Tony Curtis talked like he looked: oily, with remnants of Bernard Schwartz of the Bronx never far off. I don’t want to know what went on in the Hollywood Babylon days; a man married six times certainly has more anecdotes than one has lives to listen to them. Although I haven’t seen even half of his (vast) filmography, his most famous roles projected intelligence and the instinct to live, as The Sweet Smell of Success‘ Sydney Falco puts it, “avidly, avidly.” Watch the posted clip and notice, at the 1: 04 mark, a very rare instance of a Hollywood film from the fifties having the patience to show an actor thinking in character.
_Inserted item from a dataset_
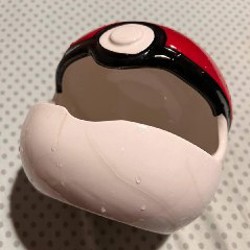 Керамический домик для грызунов в виде покебола - фото 3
After a dozen viewings I still can’t find another performance like Curtis’ in Success — only Tom Cruise in Magnolia proved he had the shrewdness to understand how one can fuse good looks, ambition, and a monstrous ego into the kind of villainy that’s intensely sympathetic. Both performances have this in common too: their respective movies disappoint them with cornball reconciliations. If Curtis never topped it, what other Hollywood actor with an ice cream face could have? So give him credit for accepting another role which exploited audience perceptions. Curtis exuded sexual ambivalence. His Dorothy in Some Like It Hot is femme-y, curvy, and sensuous in ways that Lemmon, who’s obviously having a great time, can’t match. On the other side, the somberness of expression lets us know that his otherwise ridiculous slave boy Antoninus in Spartacus understands the differences between snails and oysters. I’ve read rumors about his sexuality for years; to his immense credit, he seems to have recognized it and gotten downright campy in the last twenty years: eyeliner, powder, great scarves.
An enterprising director might have given Curtis the great late career roles in which co-star Burt Lancaster basked. They weren’t equals: Lancaster’s roles read like a career in self-education, a way of testing his limits and ways to integrate his intense physicality and intelligence. Whether we should blame Curtis’ publicized drug problems or simple disinterest, it shows how much of his career was comprised of missed chances.